The univariate analysis showed that WBC count, CRP, LDH, ALB, D-dimmer, PaO₂/FiO₂, CT score, treatment with MV, maximal dosage of methylprednisolone, immunosuppressant, immunoglobulin, co-trimoxazole and caspofungin for AE were associated with survival in all 177 cases (all p<0.05, respectively), while only WBC count, PaO₂/FiO₂ and CT score were the independent risk factors for survival in these patients (HR 1.051, 95%CI 1.013–1.090, p = 0.001; HR 0.991, 95%CI 0.987–0.994, p<0.001 and HR 1.337, 95%CI 1.063–1.682, p<0.013, respectively) (Table 4). As shown in Table 5, similar to all 177 patients, WBC count, PaO₂/FiO₂ ratio and CT score in AE-IPF group were also the independent risk factors for survival by a multivariate Cox regression analysis (HR 1.067, 95%CI 1.028–1.108, p = 0.001; HR 0.993, 95%CI 0.989–0.998, p = 0.002 and HR 1.531, 95%CI 1.170–2.002, p = 0.002, respectively).

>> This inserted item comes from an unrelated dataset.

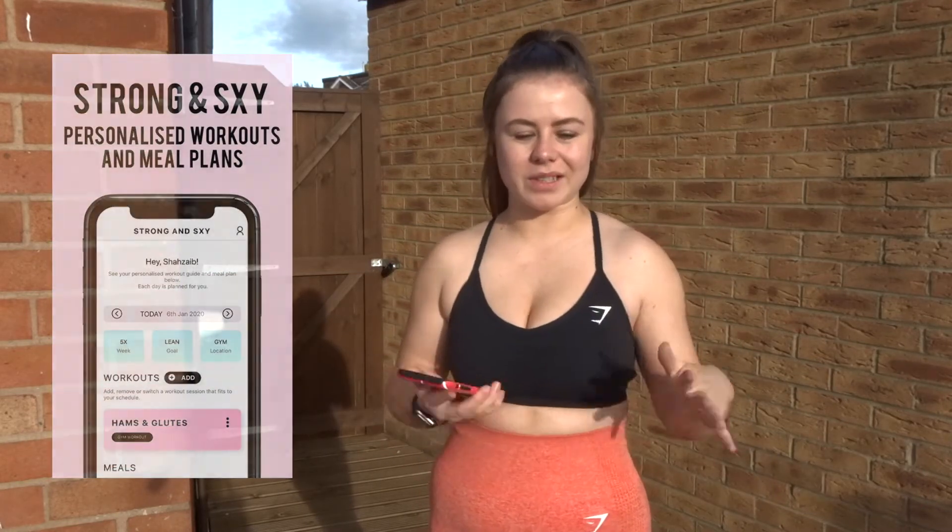Hey guys and welcome back to another video. I hope you are all doing well. So today I thought I would take you through another Strong and Sexy workout. This time it's going to be from their home plan because you know we can't always make it to the gym.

In AE-CTD-ILD group, WBC counts, LDH, PaO₂/FiO₂ ratio, treatment with MV, immunoglobulin, and caspofungin for AE were associated with the survival by univariate Cox model (all p<0.05, respectively). After considering the clinical significance and adjusting other clinical variables, WBC count, PaO₂/FiO₂, CT score and maximal dosage of methylprednisolone were included in multivariate Cox model. The findings showed that WBC count and PaO₂/FiO₂ ratio were the independent prognostic factors for survival by a multivariate Cox regression analysis (HR 1.074, 95%CI 1.004–1.150, p = 0.038 and HR 0.989, 95%CI 0.984–0.994, p<0.001, respectively) (Table 5).